DATASET CONTENT →
⁂

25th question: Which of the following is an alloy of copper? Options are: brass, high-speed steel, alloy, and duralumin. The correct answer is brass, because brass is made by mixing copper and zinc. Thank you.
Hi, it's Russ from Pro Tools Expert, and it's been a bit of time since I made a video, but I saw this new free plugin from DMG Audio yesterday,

⁂

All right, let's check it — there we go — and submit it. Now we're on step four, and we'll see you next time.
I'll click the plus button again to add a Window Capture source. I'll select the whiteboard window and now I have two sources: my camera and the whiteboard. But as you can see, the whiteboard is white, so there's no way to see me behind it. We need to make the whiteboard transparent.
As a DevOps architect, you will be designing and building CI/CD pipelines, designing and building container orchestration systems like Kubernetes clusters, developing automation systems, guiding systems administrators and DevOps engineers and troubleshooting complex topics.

⁂

TASK STATEMENT →
Your task for the entries above: copy exactly the span starting with the line with "I'll click the" and going on through the line with "As a DevOps", both lines included, and nothing else.

THE COMPLETED TASK →
I'll click the plus button again to add a Window Capture source. I'll select the whiteboard window and now I have two sources: my camera and the whiteboard. But as you can see, the whiteboard is white, so there's no way to see me behind it. We need to make the whiteboard transparent.
As a DevOps architect, you will be designing and building CI/CD pipelines, designing and building container orchestration systems like Kubernetes clusters, developing automation systems, guiding systems administrators and DevOps engineers and troubleshooting complex topics.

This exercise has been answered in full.